The Hollywood Insider Dall-E and Text Based AI Art Generators

Video Version of this Article

Photo: Dall-E

The Age of Artificial Intelligence

Artificial intelligence has come a long way this past decade, and we’ve seen some pretty incredible accomplishments the past few recent years, especially in regards to content made available for use by the general public. From online text generators that allow people to take turns writing stories with an AI, to text-to-speech applications that are trained on the voices of both well-known people and fictional characters, those who seek to kill time online have some new and pretty entertaining options at their disposal. But over the past few months, another form of artificially intelligent entertainment has risen to mainstream attention: Text-based art generators.

Text-based art generators are exactly what they sound like: online AI programs that run on text prompts, allowing users to enter text inputs which the AI will attempt to create a picture out of. Dall-E (named after both Salvador Dali and the Pixar film ‘Wall-E’) in particular stands out, as while there are numerous text-to-image generators out there, this yet-to-go-fully-public model is by far the most powerful one yet. Created by the research laboratory OpenAI, Dall-E uses GPT-3 to generate images from text prompts. The second and latest model, simply known as Dall-E 2, was announced earlier this year, which improves on the previous and gives even more impressive results.

Dall-E  – How it Works in Layman’s Terms

DALL-E makes use of a neutral network that was trained on several different images and their text descriptions. From there, it’s able to understand relations between these different images. For example, when fed properly-labeled images of cats, it learns what a cat looks like and how it should be depicted. This goes for any animals and objects the neural network was trained on. Therefore, if one was to create a text input like “cat holding a pencil” or “Cat wearing a fez hat,” Dall-E would be able to generate an image of a cat holding a pencil or wearing a fez hat, as it knows from the data it’s been fed what those individual things are, and how they would work together.

And it doesn’t even stop there; it’s also possible to input what style you want your images in, so if you want that fez-wearing cat to look like a watercolor painting, you got it. If you want it to look photorealistic, Dall-E’s got you covered. The AI can even make changes to existing images, adding elements into them while incorporating appropriate use of shadows and reflections, meaning that the cat can wear its funny little hat wherever you want it to!

Due to a number of reasons, Dall-E isn’t something that’s quite ready for use by the general public. I’ll admit that I don’t have the clearest understanding of the technology, but I completely get why a tool this powerful isn’t just something that anyone can use. Dall-E requires a lot of energy to generate the kind of images that it produces, and making it public would overwork the servers that power it. And while the model has its limits on what it can produce, and how realistic what it produces look, there’s no doubt that some people would take its creative freedom a bit too far. There is, however, a very long waitlist for people seriously interested in giving it a try. Not only that, but technically there is currently a way for the general public to try their hand at generating images via text prompts. Think of it as a low-budget alternative…

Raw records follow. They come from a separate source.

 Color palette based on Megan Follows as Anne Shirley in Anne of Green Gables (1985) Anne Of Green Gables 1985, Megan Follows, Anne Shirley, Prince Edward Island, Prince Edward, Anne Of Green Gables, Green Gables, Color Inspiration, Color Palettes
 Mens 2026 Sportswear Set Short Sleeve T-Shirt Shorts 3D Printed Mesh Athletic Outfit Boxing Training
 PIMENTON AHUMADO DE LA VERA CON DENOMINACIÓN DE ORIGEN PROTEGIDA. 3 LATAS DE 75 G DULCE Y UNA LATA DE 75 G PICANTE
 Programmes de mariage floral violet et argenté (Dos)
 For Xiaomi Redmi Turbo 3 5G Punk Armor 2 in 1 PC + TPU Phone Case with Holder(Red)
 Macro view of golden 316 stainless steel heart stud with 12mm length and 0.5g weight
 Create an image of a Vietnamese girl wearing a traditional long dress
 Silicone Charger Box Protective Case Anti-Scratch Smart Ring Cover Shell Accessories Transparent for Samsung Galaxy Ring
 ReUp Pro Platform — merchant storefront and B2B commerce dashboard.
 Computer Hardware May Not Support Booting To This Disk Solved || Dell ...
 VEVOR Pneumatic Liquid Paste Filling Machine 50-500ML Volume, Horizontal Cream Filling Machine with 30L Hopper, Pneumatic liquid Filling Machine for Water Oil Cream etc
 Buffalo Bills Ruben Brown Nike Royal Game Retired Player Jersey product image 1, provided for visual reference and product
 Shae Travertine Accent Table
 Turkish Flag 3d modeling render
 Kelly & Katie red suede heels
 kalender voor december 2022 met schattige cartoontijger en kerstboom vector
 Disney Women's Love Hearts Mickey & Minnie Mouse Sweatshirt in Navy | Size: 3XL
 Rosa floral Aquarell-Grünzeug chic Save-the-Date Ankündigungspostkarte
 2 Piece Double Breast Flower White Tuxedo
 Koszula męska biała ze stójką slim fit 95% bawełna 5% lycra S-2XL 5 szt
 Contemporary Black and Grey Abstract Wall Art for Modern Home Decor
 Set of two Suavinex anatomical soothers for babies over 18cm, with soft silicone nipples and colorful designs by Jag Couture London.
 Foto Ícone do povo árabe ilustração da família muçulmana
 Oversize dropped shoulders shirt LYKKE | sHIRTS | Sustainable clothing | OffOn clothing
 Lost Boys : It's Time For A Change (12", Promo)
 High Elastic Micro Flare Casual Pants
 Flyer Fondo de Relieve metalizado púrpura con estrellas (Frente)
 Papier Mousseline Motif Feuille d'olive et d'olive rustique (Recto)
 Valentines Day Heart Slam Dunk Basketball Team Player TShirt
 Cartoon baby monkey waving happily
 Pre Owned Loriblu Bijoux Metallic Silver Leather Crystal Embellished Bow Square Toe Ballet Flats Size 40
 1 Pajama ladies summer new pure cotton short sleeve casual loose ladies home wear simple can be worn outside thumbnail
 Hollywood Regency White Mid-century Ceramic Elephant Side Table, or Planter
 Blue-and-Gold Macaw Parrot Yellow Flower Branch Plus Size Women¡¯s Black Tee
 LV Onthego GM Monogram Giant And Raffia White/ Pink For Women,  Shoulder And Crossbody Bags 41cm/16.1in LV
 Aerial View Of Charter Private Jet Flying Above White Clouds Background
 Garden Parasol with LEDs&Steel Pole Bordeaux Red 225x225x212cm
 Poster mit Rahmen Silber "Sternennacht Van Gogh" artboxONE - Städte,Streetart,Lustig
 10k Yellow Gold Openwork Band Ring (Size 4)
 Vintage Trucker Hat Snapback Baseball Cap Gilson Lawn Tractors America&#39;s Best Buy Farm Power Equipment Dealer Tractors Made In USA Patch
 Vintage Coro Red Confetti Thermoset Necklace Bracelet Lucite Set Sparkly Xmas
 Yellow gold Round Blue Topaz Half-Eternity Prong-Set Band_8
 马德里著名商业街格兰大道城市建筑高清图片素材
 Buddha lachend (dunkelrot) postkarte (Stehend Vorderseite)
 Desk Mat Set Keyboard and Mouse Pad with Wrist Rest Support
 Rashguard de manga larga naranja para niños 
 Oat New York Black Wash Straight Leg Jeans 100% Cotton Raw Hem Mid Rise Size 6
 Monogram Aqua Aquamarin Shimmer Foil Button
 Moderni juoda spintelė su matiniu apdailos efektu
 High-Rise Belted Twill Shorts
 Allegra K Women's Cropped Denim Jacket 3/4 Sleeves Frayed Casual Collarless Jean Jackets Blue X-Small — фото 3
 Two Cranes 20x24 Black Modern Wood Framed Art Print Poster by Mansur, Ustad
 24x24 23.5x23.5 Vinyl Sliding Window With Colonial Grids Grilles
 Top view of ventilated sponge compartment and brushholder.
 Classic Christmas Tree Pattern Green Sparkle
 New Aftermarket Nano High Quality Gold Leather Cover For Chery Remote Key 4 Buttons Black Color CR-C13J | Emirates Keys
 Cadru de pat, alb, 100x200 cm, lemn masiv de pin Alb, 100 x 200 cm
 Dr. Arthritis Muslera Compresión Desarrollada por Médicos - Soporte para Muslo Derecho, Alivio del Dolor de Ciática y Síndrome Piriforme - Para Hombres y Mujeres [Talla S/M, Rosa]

Earlier this year, a particular image-to-text generator blew up in popularity. Originally named “Dall-E Mini,” this generator isn’t actually associated with the real Dall-E, and as such changed its name to “Craiyon” (get it?) to distance itself from OpenAI’s creation. However, the original name did fit pretty well, as not only does this generator function as a simplified version of the real deal, but its results are generally pretty accurate to what you type in. There’s a similar level of versatility as well; Craiyon has been trained on a surprising amount of characters and people

While less strong than the full Dall-E, it’s able to be used by the general public with ease, though at a few costs. The images aren’t of the same quality as the ones that the actual Dall-E model can create, and the same level of customization offered by it is absent. However, Craiyon could very well be considered the next best thing, as it still manages to yield pretty crazy results, and a great deal of people have had all sorts of wacky fun with it, typing up the most random and bizarre prompts they can think of and sharing what the bot generates online. When this mini model first gained mainstream attention, so many people began using it that it began to have trouble loading (further exemplifying the problems the actual Dall-E would probably face if it went public). Luckily, there are more servers now, and the online app now works with ease.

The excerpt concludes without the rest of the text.